The truth untold as they that fall
echo forth, grace as until thy call
beware the fool, who trust till then
thou dost betray and then once again
behold and stand with all but proud
of sincerity and all, clear and loud.”

Originally Posted by mr. mustard:
“I love a bit of historical language Sandy and this felt nicely ancient in tone. I read it three times ”
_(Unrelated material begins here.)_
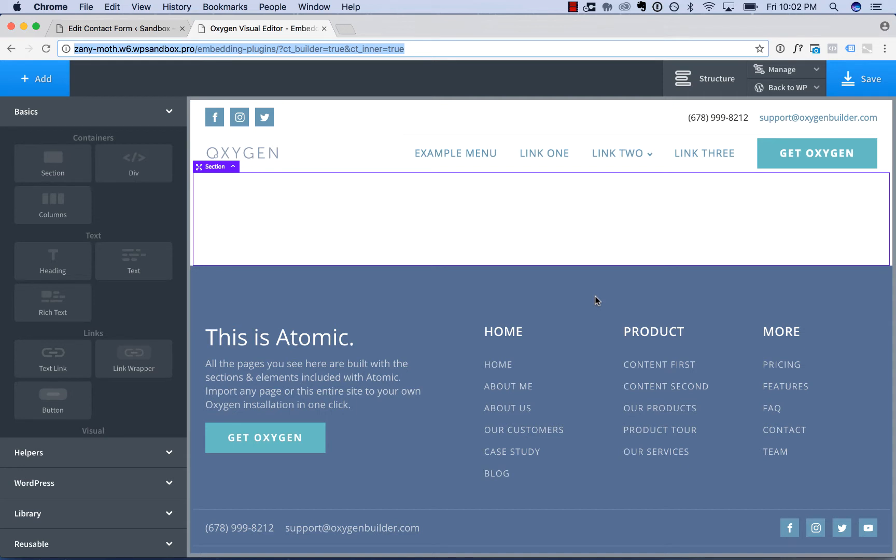But some plugins generate output that you want to insert into your pages, for example, a contact form, or things of that nature. So you can add that to your pages using a shortcode, widget, or code block.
Well I read it more than three times, and Sandy I need you to translate for me, 'cos it was too difficult for my puny intellect.
vosne
19-03-2013
Today, when in the bog

I met a feisty dog

He eyed my nuts

And despite my tuts

Leapt at them like a frog





Quality.
mr. mustard
19-03-2013
Originally Posted by Biz:
“Well I read it more than three times, and Sandy I need you to translate for me, 'cos it was too difficult for my puny intellect. ”

I didn't understand Sandy's poem either Biz but somehow I still enjoyed it - it reminded me of a Rubik's cube. With words instead of colours!